[INPUT]

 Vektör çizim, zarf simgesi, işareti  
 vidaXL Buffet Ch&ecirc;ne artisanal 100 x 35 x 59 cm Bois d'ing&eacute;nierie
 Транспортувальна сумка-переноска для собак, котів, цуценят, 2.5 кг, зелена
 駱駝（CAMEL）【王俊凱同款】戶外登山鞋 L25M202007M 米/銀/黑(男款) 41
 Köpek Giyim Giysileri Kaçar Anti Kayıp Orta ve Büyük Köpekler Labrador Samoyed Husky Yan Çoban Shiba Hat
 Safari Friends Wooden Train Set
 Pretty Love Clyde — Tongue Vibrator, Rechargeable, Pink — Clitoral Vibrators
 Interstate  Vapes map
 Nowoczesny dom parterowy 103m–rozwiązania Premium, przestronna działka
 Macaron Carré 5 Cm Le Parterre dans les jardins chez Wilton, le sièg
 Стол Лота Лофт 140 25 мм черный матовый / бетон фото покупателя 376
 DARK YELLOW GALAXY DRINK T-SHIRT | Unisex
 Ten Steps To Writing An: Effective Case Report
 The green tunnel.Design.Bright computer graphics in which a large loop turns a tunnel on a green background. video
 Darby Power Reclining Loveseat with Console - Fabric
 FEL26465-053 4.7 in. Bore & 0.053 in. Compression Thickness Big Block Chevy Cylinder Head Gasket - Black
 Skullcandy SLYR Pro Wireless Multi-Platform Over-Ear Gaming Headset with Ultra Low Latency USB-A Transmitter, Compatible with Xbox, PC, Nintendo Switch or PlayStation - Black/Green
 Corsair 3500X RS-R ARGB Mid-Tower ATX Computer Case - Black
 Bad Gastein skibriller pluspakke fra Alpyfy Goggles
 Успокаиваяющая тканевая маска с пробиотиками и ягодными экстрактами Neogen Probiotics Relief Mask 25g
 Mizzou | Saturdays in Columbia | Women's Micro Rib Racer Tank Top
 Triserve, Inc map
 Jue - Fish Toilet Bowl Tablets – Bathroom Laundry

[/INPUT]

- _WORK ORDER_: Nothing in the records above may be left out when you repeat them exactly.

- _RESPONSE_:
 Vektör çizim, zarf simgesi, işareti  
 vidaXL Buffet Ch&ecirc;ne artisanal 100 x 35 x 59 cm Bois d'ing&eacute;nierie
 Транспортувальна сумка-переноска для собак, котів, цуценят, 2.5 кг, зелена
 駱駝（CAMEL）【王俊凱同款】戶外登山鞋 L25M202007M 米/銀/黑(男款) 41
 Köpek Giyim Giysileri Kaçar Anti Kayıp Orta ve Büyük Köpekler Labrador Samoyed Husky Yan Çoban Shiba Hat
 Safari Friends Wooden Train Set
 Pretty Love Clyde — Tongue Vibrator, Rechargeable, Pink — Clitoral Vibrators
 Interstate  Vapes map
 Nowoczesny dom parterowy 103m–rozwiązania Premium, przestronna działka
 Macaron Carré 5 Cm Le Parterre dans les jardins chez Wilton, le sièg
 Стол Лота Лофт 140 25 мм черный матовый / бетон фото покупателя 376
 DARK YELLOW GALAXY DRINK T-SHIRT | Unisex
 Ten Steps To Writing An: Effective Case Report
 The green tunnel.Design.Bright computer graphics in which a large loop turns a tunnel on a green background. video
 Darby Power Reclining Loveseat with Console - Fabric
 FEL26465-053 4.7 in. Bore & 0.053 in. Compression Thickness Big Block Chevy Cylinder Head Gasket - Black
 Skullcandy SLYR Pro Wireless Multi-Platform Over-Ear Gaming Headset with Ultra Low Latency USB-A Transmitter, Compatible with Xbox, PC, Nintendo Switch or PlayStation - Black/Green
 Corsair 3500X RS-R ARGB Mid-Tower ATX Computer Case - Black
 Bad Gastein skibriller pluspakke fra Alpyfy Goggles
 Успокаиваяющая тканевая маска с пробиотиками и ягодными экстрактами Neogen Probiotics Relief Mask 25g
 Mizzou | Saturdays in Columbia | Women's Micro Rib Racer Tank Top
 Triserve, Inc map
 Jue - Fish Toilet Bowl Tablets – Bathroom Laundry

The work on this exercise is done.